John Preskill, one of quantum computing's most respected voices, has laid out a roadmap for the field's next major challenge. It's not about building bigger quantum computers. It's about proving they can do something useful that we can actually verify.
The problem is surprisingly fundamental. We're approaching quantum systems with 100 logical qubits - enough power to potentially outperform classical computers on specific tasks. But how do we know they're working correctly when the calculations are too complex for classical computers to check?
The verification problem
Think about it this way. If a quantum computer solves a problem too hard for classical computers to solve, how do you check the answer? You can't just run the calculation on your laptop to verify it. That's the whole point - your laptop can't do it.
This is what Preskill calls "classically verifiable quantum advantage." It's the sweet spot where quantum computers do something genuinely useful, something classical computers struggle with, but we can still verify the results without needing another quantum computer.
The technical term is "quantum advantage in the 100-logical-qubit regime." In simpler terms: quantum computers with about 100 high-quality, error-corrected qubits that can demonstrate clear advantages over classical computing while still allowing us to check their work.
Why 100 logical qubits matters
The number isn't arbitrary. Physical qubits - the raw quantum bits in current machines - are noisy and error-prone. To get one reliable "logical qubit" requires many physical qubits working together with error correction. We're getting closer to systems that can maintain 100 of these high-quality logical qubits.
At that scale, interesting things become possible. Certain quantum algorithms start to show real advantages. Chemical simulations become tractable. Optimisation problems that would take classical computers years could potentially run in hours or days.
But only if they're working correctly. And that's where Preskill's roadmap focuses.
The proposed path forward
Preskill outlines several approaches to the verification challenge. One involves fault-tolerant circuits - quantum computations designed to be robust against errors, with built-in redundancy that allows checking without destroying the quantum state.
Another approach uses symmetry. Many useful quantum calculations have inherent symmetries - patterns that should be preserved regardless of the specific computation.

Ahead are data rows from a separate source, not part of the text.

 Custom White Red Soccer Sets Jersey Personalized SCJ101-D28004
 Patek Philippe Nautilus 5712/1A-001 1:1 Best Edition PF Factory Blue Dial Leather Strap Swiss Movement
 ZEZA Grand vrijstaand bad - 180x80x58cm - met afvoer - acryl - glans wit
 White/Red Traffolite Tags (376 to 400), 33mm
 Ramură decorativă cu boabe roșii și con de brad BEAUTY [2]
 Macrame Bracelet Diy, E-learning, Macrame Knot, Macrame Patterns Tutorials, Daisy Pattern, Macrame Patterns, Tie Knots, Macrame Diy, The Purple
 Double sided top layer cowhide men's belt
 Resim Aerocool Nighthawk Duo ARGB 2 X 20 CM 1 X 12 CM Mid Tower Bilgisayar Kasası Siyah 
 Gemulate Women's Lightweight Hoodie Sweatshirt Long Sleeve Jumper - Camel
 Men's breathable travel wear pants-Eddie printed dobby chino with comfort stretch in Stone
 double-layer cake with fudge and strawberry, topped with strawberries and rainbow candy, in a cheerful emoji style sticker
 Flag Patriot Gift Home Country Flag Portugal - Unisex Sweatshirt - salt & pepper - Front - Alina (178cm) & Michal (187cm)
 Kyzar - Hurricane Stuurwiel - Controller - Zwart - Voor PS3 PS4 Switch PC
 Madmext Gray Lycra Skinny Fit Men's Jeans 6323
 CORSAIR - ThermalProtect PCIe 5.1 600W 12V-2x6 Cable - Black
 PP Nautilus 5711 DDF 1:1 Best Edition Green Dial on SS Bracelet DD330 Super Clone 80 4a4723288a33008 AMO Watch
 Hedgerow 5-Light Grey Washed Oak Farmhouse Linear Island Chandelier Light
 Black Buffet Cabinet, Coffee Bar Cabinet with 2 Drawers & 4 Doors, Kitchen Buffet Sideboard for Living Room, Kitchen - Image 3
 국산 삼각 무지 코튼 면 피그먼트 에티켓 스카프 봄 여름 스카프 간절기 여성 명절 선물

By checking whether these symmetries hold, we can verify results without fully simulating the quantum system classically.
A third method involves what Preskill calls "planted-secret sampling schemes." The idea is clever: design problems where the answer is secretly known to the problem designer but computationally hard for classical computers to find. The quantum computer attempts to find the secret. If it succeeds, we know it worked - without needing a classical computer to verify the calculation itself.
What this means for practical quantum computing
For anyone following quantum computing's progress, this roadmap matters because it addresses the credibility gap. We've had announcements of "quantum supremacy" or "quantum advantage" before, but they've often involved artificial problems designed specifically to favour quantum computers without clear practical applications.
Classically verifiable quantum advantage is different. It requires demonstrating real capability on problems that matter, with results we can trust. That's the threshold for quantum computing to move from research curiosity to practical tool.
The timeline isn't certain. Reaching 100 logical qubits with sufficient quality is itself a significant engineering challenge. Google, IBM, and other quantum hardware developers are making progress, but we're likely still a few years away from systems that consistently hit this target.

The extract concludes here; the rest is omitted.